In 1999, researchers Daniel Simons and Christopher Chabris set out to study inattentional blindness, the phenomenon of failing to perceive something happening in plain sight. In doing so, the pair conceived of the Invisible Gorilla Test. In a 24-second clip, two three-person teams, separated into black and white shirts, passed a basketball to teammates while bobbing and weaving around each other. The study tasked participants with watching the clip and counting the white team’s passes.
The majority of those who participated correctly counted the 15 passes. What roughly half of those participants missed, however, was the person in a gorilla suit passing directly through the frame. Upon rewatching the clip, of course, the gorilla’s cameo is clear as day. But, hey, you’re looking for it.
In a sense, that experience – that how-didn’t-I-see-it befuddlement – is akin to watching Logan Cooley’s game tape. Just ask Brian Mueller, the executive director of hockey development and programming for the Pittsburgh Penguins Elite program. Mueller was behind the bench as an underaged and undersized Cooley dazzled against players one year his senior, playing for the U-16 team in 2019-20. Often, Mueller only saw Cooley’s true brilliance when rewatching the games on video. “That’s what I was always amazed with,” Mueller said. “ ‘OK, I remember the goal, but how did that goal get set up?’ And there were so many times where it was like, ‘Holy cow, he set that goal up 10 seconds before we actually scored.’ It’s those subtle little plays that if he didn’t do that or see the play before it was going to happen, the play would have been dead. That’s where I really took an appreciation for what he does and what he can do.”

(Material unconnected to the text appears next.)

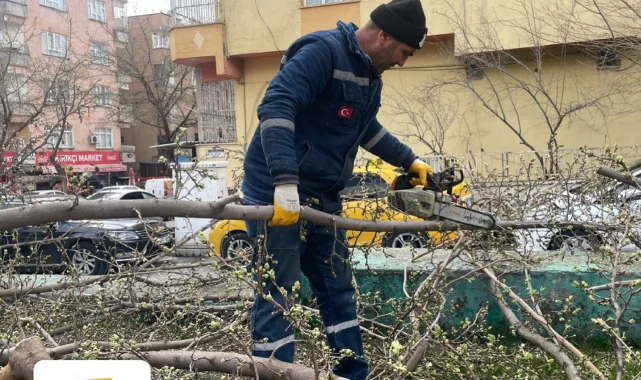 Haliliye'de Yeşil Alanlar İçin Budama Çalışmaları Devam Ediyor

Mueller isn’t alone in his assessment; just about anyone you ask will trumpet Cooley’s hockey IQ as his defining on-ice characteristic. Mueller, who coached big-league prospects such as Jack Drury, Jacob Pivonka and Spencer Stastney, said he has yet to come across another youngster with a mind for the game quite like Cooley. Adam Nightingale, the bench boss of the U-18 squad for USA Hockey’s National Team Development Program, said the first thing he noticed upon joining the program two seasons ago was Cooley’s smarts. And Brent Darnell – a former NTDP assistant coach and now assistant director of player personnel – made it sound as though catching Cooley out of position is about as rare as spotting Bigfoot.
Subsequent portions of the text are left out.